Free Speech

Bill of Rights, Bill of Goods

We are both longstanding sceptics about the desirability of bills of rights.  We have long argued that when you buy a bill of rights all you buy is less democratic decision-making together with the policy druthers of unelected judges and the lawyerly caste.  As Alexander Hamilton, Jeremy Bentham and many others have noted, living in a society with plenty of individual freedom and wide-ranging civil liberties ultimately depends on the voters and their representatives.  If the citizens are happy to give up their freedoms, they’ll soon be gone regardless of seven unelected ex-lawyer top judges interpreting some bill of rights.  And if the citizens aren’t prepared to lose their civil liberties they don’t need the judges.  Meanwhile on all sorts of border line cases you’ll find the judges at odds with the legislators and the bill of rights weighting things in favour of the former.
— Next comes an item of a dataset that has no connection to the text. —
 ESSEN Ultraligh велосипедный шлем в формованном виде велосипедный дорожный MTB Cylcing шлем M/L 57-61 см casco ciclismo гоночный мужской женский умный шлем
With all due respect to the usual human rights brigade in this country’s law schools and lawyerly organisations, all our views about the undesirability of bills of rights are being proven correct as we watch the response to this corona virus outbreak. First off, the two most heavy-handed states in terms of infringing on civil liberties and citizens’ freedoms are the only two in this country with bills of rights – Victoria and Queensland.   Victorians are experiencing the longest and harshest pandemic lock down of any country on earth. Most so-called fundamental rights has now been effectively stripped from them. Their right to liberty were removed as a result of the 23 hour home detention; their freedom of assembly is non-existent (they can walk with only one other person); the right to education has been violated by the six month school closure; 1.5 million people on JobKeeper trashes the right to work, and compulsory face masks violate the freedom of expression. 

If all of the above isn’t bad enough, the incredibly heavy-handed Premier of Victoria has just introduced a COVID-19 Omnibus (Emergency Measures) Amendment Bill into their Parliament that comes close to being tyrannical, conferring extraordinary power on the Secretary of the Dept. of Health and ‘authorised officers’.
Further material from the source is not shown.